I'm not sure how this is related to the problem at hand.  Care to elaborate?

And why exactly was that race condition not present before your changes?

Thanks,
Rafael
--
To unsubscribe from this list: send the line "unsubscribe linux-pci" in
the body of a message to majordomo@vger.kernel.org
More majordomo info at  http://vger.kernel.org/majordomo-info.html
Sinan Kaya Sept. 30, 2016, 8:24 p.m. UTC | #6
On 9/30/2016 3:39 PM, Rafael J. Wysocki wrote:
>> how do we feel about increasing the ISA IRQ range to 256 so that
>> > we are safe for all SCI interrupts?
> I'm not sure how this is related to the problem at hand.  Care to elaborate?
> 

Sure, let me explain. 

The code maintains a static array per IRQ number (acpi_irq_penalty) to assign 
penalties for each IRQ so that during the Link Object allocation, the code 
tries to choose an IRQ with less penalty that has not been used by another 
PCI/IRQ if possible.

In the kernels prior to my change, the type of the SCI
interrupt is given to the ACPI PCI Link driver via this function.

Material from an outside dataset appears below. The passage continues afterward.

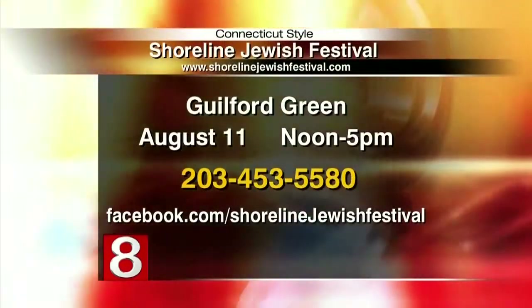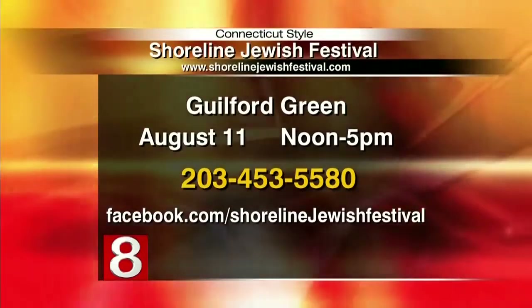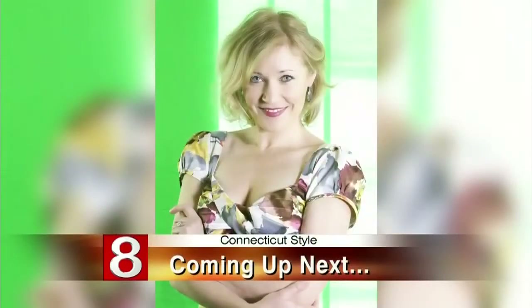Thank you so much for the recipe — we'll have it up on WTNH.com. For more information, the Shoreline Jewish Festival is happening on Sunday, August 11th, from noon to five on the Guilford Green. Go to ShorelineJewishFestival.com for more information. Coming up next, over on Stage 8, the Les Paul Trio — Nikki Perrot takes Stage 8 for a solo performance when Style returns. We'll be right back.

+void acpi_penalize_sci_irq(int irq, int trigger, int polarity)
+{
+	if (irq >= 0 && irq < ARRAY_SIZE(acpi_irq_penalty)) {
+		if (trigger != ACPI_MADT_TRIGGER_LEVEL ||
+		    polarity != ACPI_MADT_POLARITY_ACTIVE_LOW)
+			acpi_irq_penalty[irq] += PIRQ_PENALTY_ISA_ALWAYS;
+		else
+			acpi_irq_penalty[irq] += PIRQ_PENALTY_PCI_USING;
+	}
+}

This function says given the trigger and polarity, if it is ACTIVE_LOW and LEVEL
then increment the penalty by PCI_USING. It also does some ACPI parameter 
checking and assigns ISA_ALWAYS if the parameters are not compatible so that
this IRQ is never used for PCI. ISA_AKWAYS is the maximum penalty that can 
be assigned.

> And why exactly was that race condition not present before your changes?
The size of acpi_irq_penalty array used to be 256. This number puts an 
artificial limit on the IRQ numbers that can be assigned to PCI. ACPI spec does
not put any limits on the PCI numbers and extended IRQ resources can be used
for this purpose. 

During my patch, three things happened:
1. acpi_irq_penalty got renamed to acpi_isa_irq_penalty and the array size was 
reduced to 16 from 256.
2. Since we have no idea about the range of PCI interrupts that can be assigned
through ACPI, we tried to refactor the code so that PCI interrupts are calculated
by the time API is called by walking the PCI Link list here.

static int acpi_irq_pci_sharing_penalty(int irq)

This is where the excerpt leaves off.